Cambridge Analytica, the political consultancy at the centre of the Facebook data-sharing scandal, is shutting down, leaving many questions about its involvement in Kenya and Nigeria.
While regulators and lawmakers in the US and UK have scrutinised the company’s work concering data protection and privacy regulations, nothing has been forthcoming from Africa.
We may never know the extent of Cambridge Analytica’s work in Africa, and if it broke any laws.

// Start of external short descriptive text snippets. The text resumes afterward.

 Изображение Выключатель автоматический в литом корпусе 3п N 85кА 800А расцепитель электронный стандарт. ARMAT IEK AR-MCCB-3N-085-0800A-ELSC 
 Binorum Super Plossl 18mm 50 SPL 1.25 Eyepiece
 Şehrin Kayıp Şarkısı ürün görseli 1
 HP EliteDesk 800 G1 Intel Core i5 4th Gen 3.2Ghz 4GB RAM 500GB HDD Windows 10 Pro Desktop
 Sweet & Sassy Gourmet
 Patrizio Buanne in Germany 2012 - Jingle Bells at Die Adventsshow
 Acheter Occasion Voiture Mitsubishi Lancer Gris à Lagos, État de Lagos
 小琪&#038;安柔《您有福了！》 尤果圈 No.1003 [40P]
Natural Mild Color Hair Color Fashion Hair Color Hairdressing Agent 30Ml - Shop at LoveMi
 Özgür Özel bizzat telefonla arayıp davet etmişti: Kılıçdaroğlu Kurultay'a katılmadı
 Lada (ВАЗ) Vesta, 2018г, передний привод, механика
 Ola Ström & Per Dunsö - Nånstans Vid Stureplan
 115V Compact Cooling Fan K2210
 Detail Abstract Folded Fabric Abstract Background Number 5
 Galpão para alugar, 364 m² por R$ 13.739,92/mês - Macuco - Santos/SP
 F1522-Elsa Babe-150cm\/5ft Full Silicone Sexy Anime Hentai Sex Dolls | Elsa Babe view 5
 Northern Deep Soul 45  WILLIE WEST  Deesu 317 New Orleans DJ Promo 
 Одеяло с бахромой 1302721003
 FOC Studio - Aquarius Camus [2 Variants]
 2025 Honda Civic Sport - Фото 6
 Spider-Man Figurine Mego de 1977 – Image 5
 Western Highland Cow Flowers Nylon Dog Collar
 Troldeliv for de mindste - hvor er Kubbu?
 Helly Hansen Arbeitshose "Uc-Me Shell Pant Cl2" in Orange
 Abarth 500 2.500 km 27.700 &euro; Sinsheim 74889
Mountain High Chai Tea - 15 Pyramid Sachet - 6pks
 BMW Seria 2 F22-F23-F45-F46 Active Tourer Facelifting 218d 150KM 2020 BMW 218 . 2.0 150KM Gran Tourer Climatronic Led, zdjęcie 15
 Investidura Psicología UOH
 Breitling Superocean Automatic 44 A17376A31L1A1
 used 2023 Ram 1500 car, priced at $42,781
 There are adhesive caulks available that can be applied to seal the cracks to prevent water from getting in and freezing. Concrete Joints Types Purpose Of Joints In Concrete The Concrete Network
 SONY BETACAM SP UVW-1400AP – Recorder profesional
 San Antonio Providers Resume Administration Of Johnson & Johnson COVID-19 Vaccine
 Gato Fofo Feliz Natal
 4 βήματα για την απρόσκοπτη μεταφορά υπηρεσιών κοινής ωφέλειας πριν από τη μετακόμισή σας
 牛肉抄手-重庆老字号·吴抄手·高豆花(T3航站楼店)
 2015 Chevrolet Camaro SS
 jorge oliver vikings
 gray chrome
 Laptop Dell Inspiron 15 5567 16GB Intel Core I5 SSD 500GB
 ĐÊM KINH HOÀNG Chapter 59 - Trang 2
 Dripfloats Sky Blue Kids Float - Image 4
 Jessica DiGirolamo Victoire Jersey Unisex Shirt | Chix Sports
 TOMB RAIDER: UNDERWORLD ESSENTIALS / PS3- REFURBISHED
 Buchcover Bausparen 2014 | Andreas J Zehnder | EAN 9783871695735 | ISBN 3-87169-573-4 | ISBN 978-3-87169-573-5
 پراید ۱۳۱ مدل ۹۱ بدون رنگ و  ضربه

Here’s a reminder of the accusations:
Executives bragged in a secret recording by Channel 4 News that they had run President Uhuru Kenyatta’s campaigns in 2013 and 2017 – saying they had “staged the whole thing”. The firm is accused of being behind a deeply divisive campaign that exploited ethnic tensions to manipulate voters. Cambridge Analytica has not commented but Mr Kenyatta’s Jubilee Party has downplayed the impact of the group, saying it only employed the company’s parent company, SCL, to help with branding.
SCL reportedly worked for former President Goodluck Jonathan’s losing 2015 re-election campaign, using Israeli computer hackers to find dirt on his opponent Muhammadu Buhari.
SCL told the Guardian it had only provided “advertising and marketing services in support of the Goodluck Jonathan campaign”.